Reprint each record exactly. Pictures are not reprinted.

-- Data records follows --

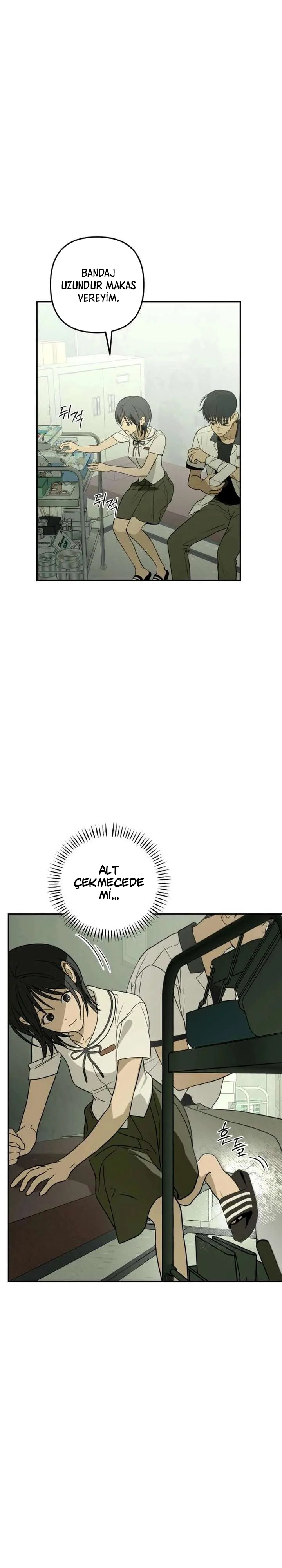 Sığınak Bölüm 5 - Sayfa 17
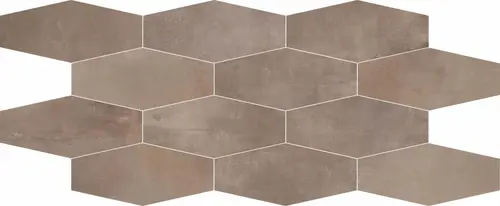 ABK Interno 9 Mosaico Losanga MUD 30x60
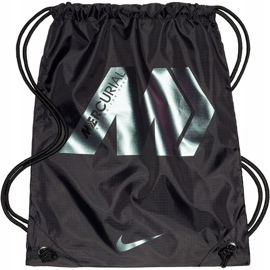 Chaussures de football Nike Mercurial Vapor 13 Elite Fg AQ4176 010 violet noir 1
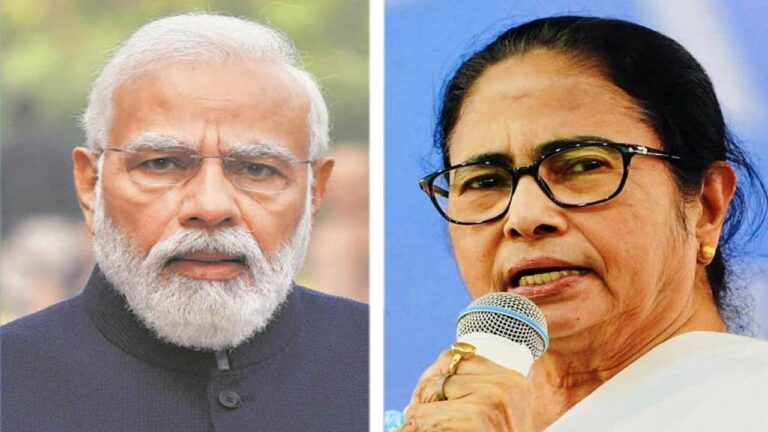 Mamata Banerjee: రాష్ట్ర మహిళల ఆత్మగౌరవంతో ఆడుకోవద్దు.. ప్రధానిపై దీదీ ఫైర్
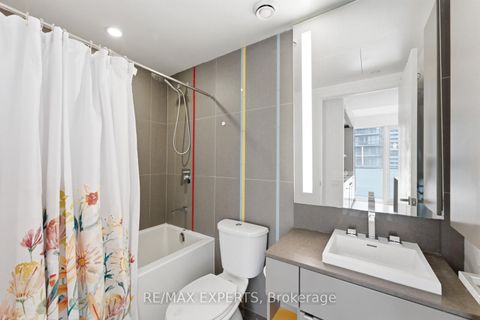 Photo 18 at 3606 - 101 Peter Street, Waterfront Communities C1, Toronto
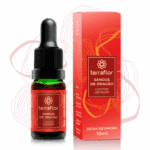 Sangue de Dragão Seiva Resinosa 10ml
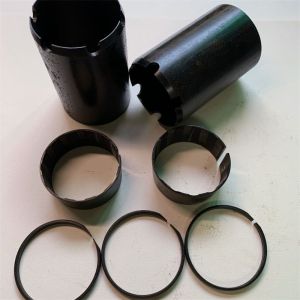 China Stop Rings Inner Tube Assembly Wireline Core Barrels Bq Nq Nq2 Nq3 Hq Hq3 Hqtt Pq Pq3 on sale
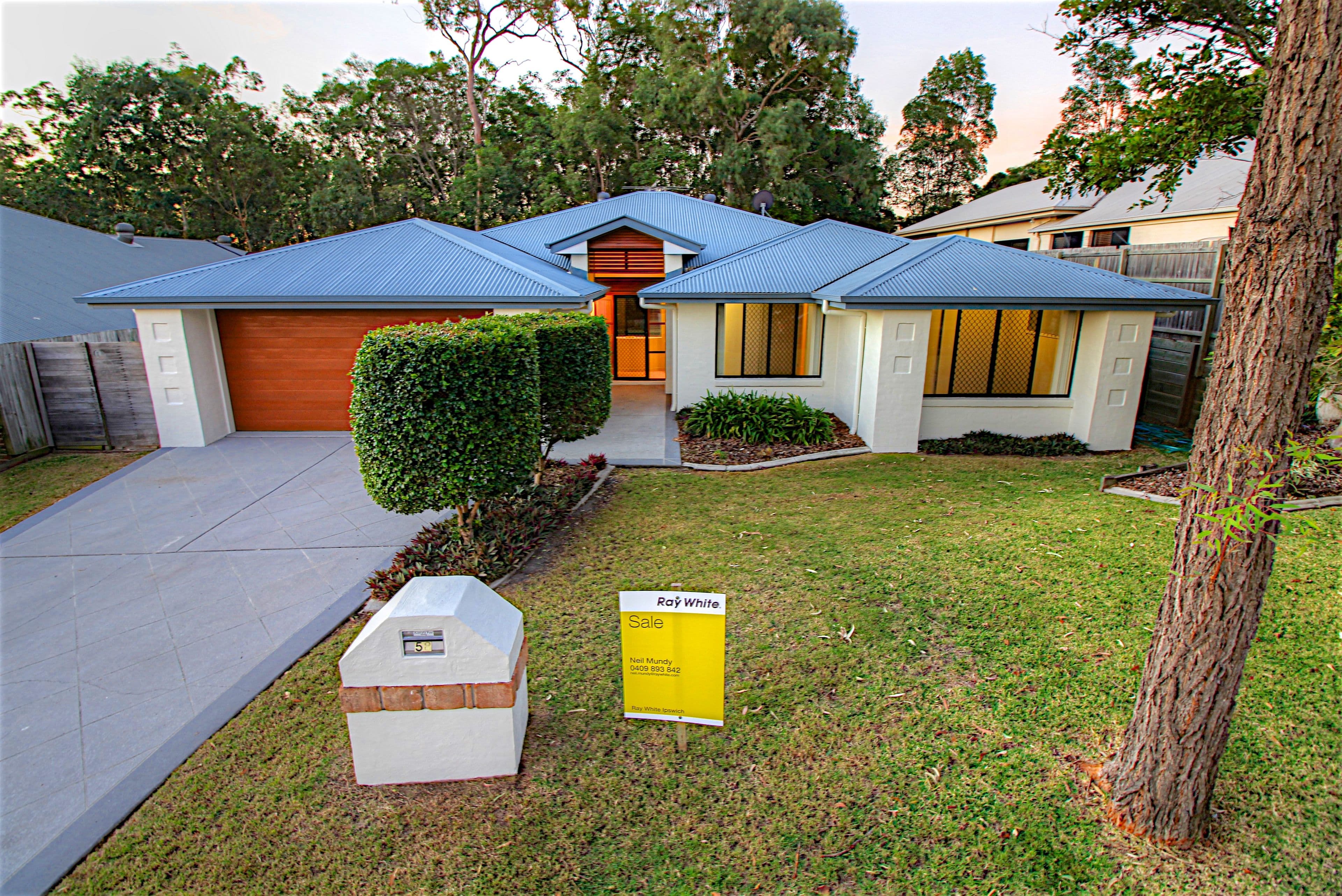 58 Brookeside Crescent, Seventeen Mile Rocks QLD 4073, Seventeen Mile Rocks - Image 1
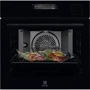 Духовой шкаф электрический Electrolux OKA9S31WZ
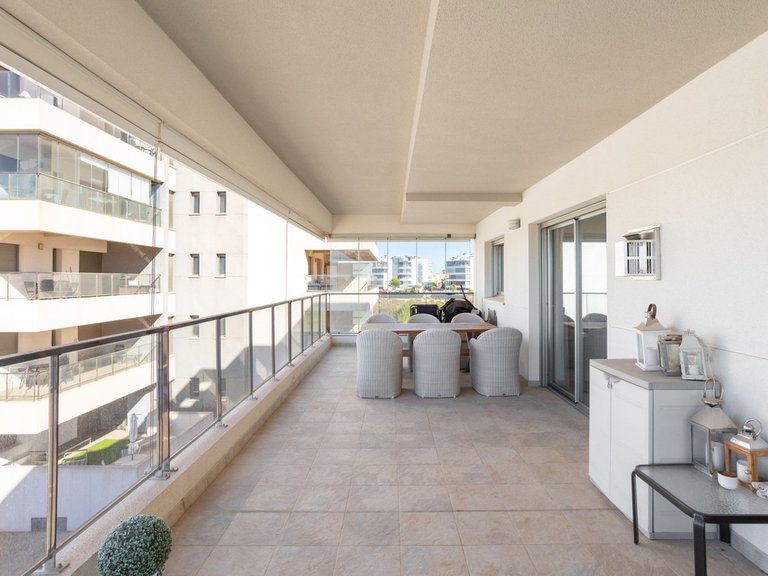 Apartment for Sale in Los Dolses, Alicante 3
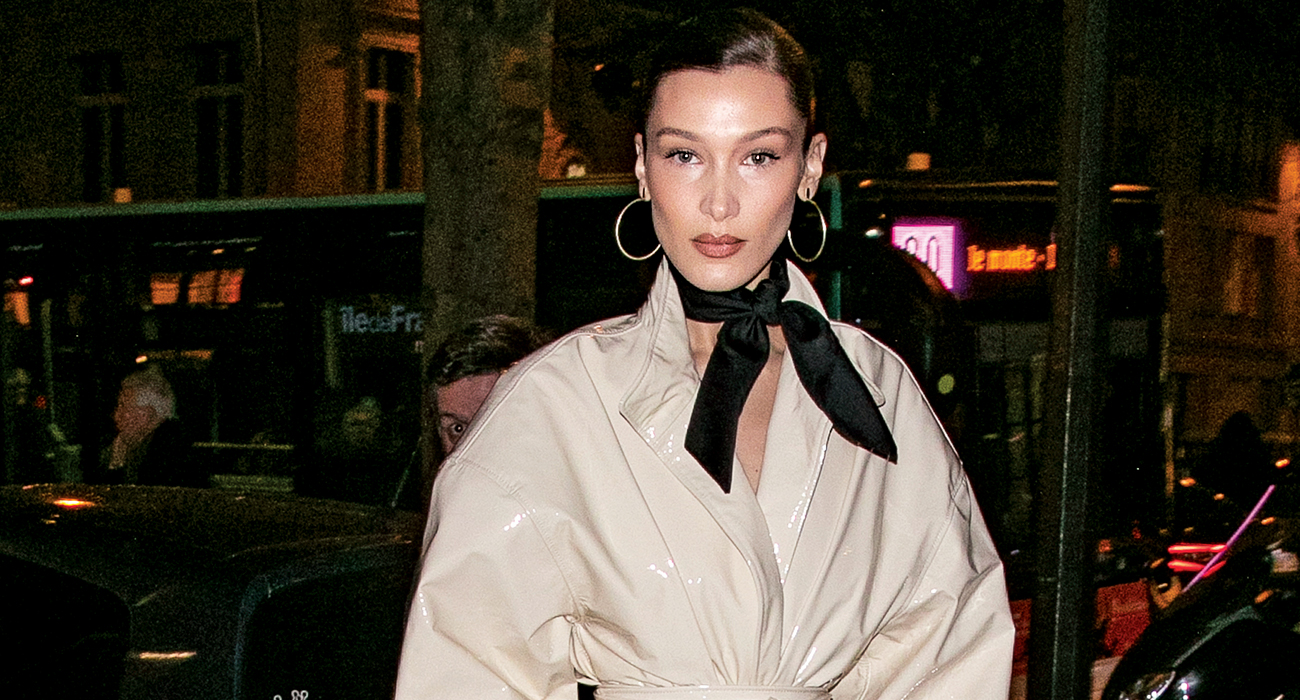 HAFTANIN STİL İPUÇLARI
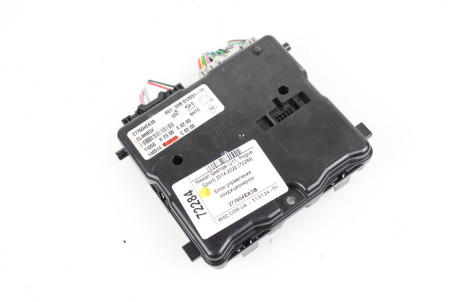 Блок керування кондиціонером Nissan Qashqai (J11- Rogue Sport) 2014-2022 277604EA3B (72284)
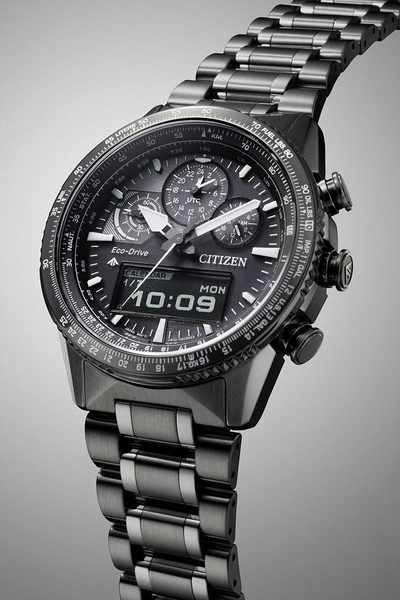 Citizen Promaster Skyhawk A-T JV2005-58E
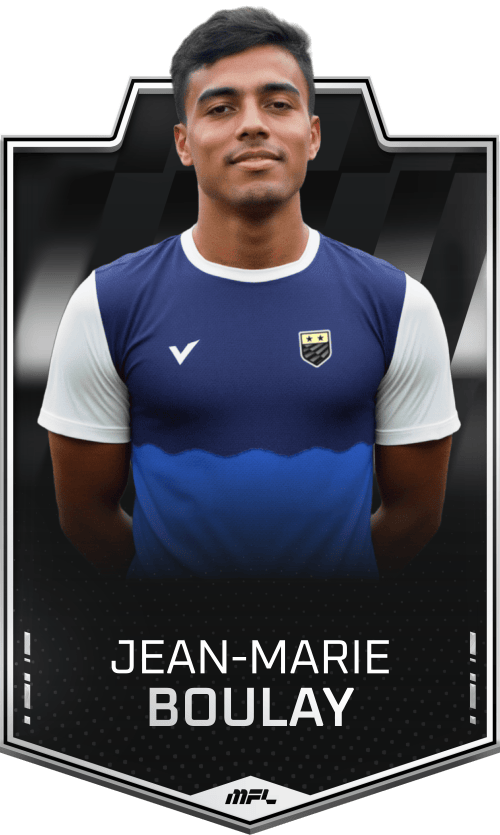 Jean-Marie Boulay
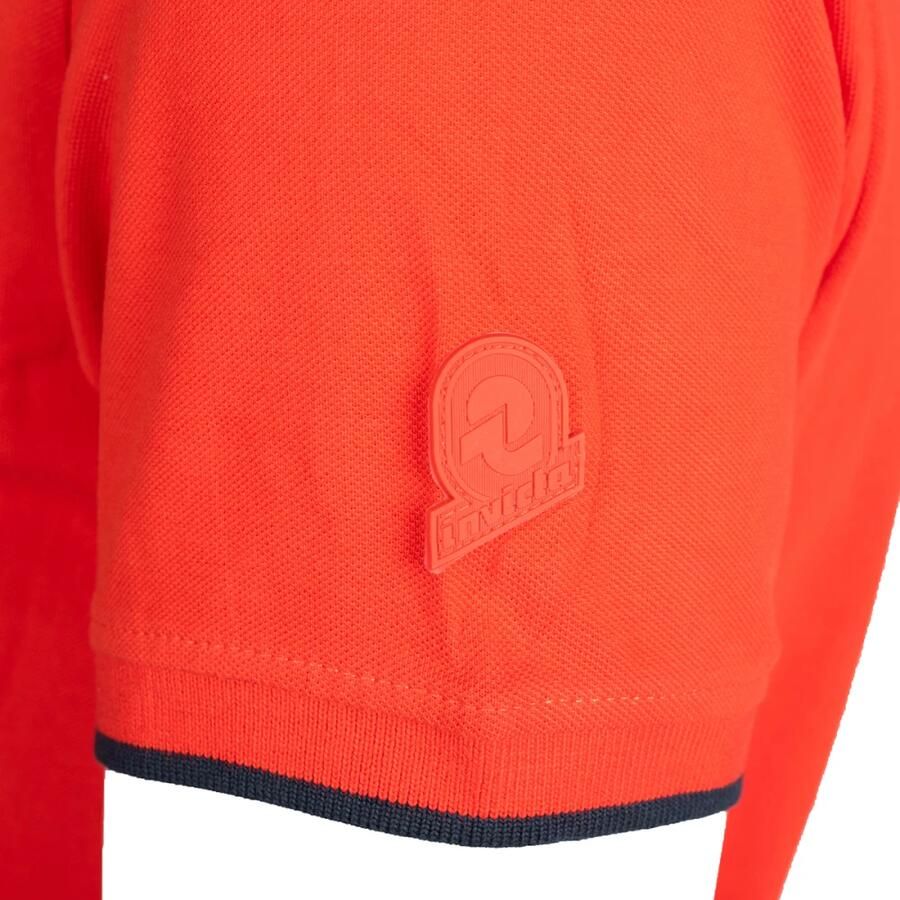 Invicta Polo Shirt Korte Mouw 4452240 U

-- Data records concluded --

- Completed exercise -
 Sığınak Bölüm 5 - Sayfa 17
 ABK Interno 9 Mosaico Losanga MUD 30x60
 Chaussures de football Nike Mercurial Vapor 13 Elite Fg AQ4176 010 violet noir 1
 Mamata Banerjee: రాష్ట్ర మహిళల ఆత్మగౌరవంతో ఆడుకోవద్దు.. ప్రధానిపై దీదీ ఫైర్
 Photo 18 at 3606 - 101 Peter Street, Waterfront Communities C1, Toronto
 Sangue de Dragão Seiva Resinosa 10ml
 China Stop Rings Inner Tube Assembly Wireline Core Barrels Bq Nq Nq2 Nq3 Hq Hq3 Hqtt Pq Pq3 on sale
 58 Brookeside Crescent, Seventeen Mile Rocks QLD 4073, Seventeen Mile Rocks - Image 1
 Духовой шкаф электрический Electrolux OKA9S31WZ
 Apartment for Sale in Los Dolses, Alicante 3
 HAFTANIN STİL İPUÇLARI
 Блок керування кондиціонером Nissan Qashqai (J11- Rogue Sport) 2014-2022 277604EA3B (72284)
 Citizen Promaster Skyhawk A-T JV2005-58E
 Jean-Marie Boulay
 Invicta Polo Shirt Korte Mouw 4452240 U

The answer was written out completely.